## Input data
▬▬▬▬▬▬

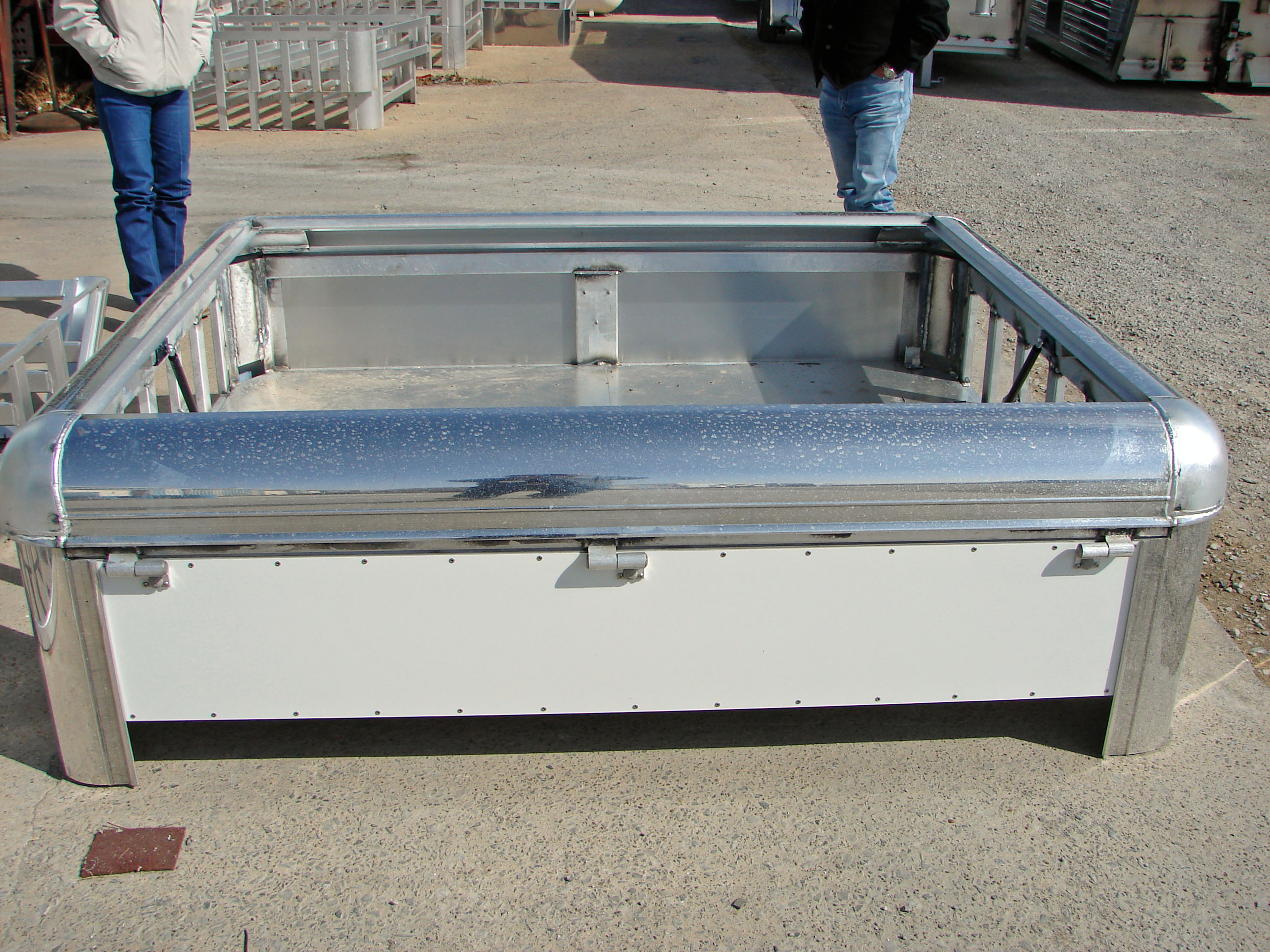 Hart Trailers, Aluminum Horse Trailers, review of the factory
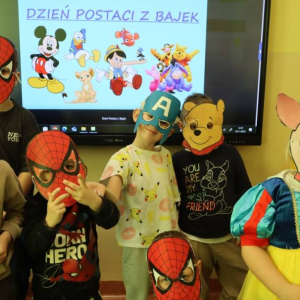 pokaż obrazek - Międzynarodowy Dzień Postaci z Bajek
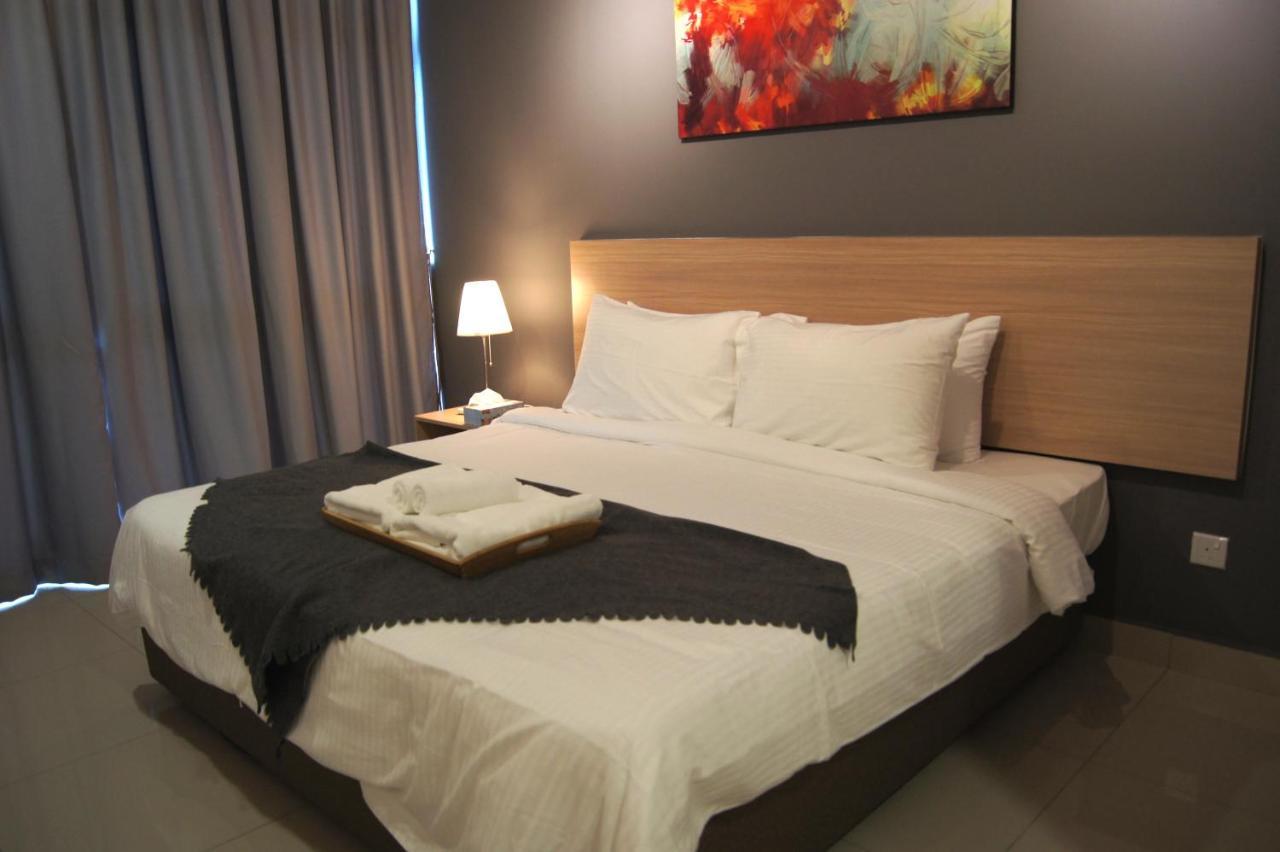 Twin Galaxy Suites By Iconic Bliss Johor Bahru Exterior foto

▬▬▬▬▬▬

## Task directions
Set down all the material exactly once more. No pictures.

## Expected answer
 Hart Trailers, Aluminum Horse Trailers, review of the factory
 pokaż obrazek - Międzynarodowy Dzień Postaci z Bajek
 Twin Galaxy Suites By Iconic Bliss Johor Bahru Exterior foto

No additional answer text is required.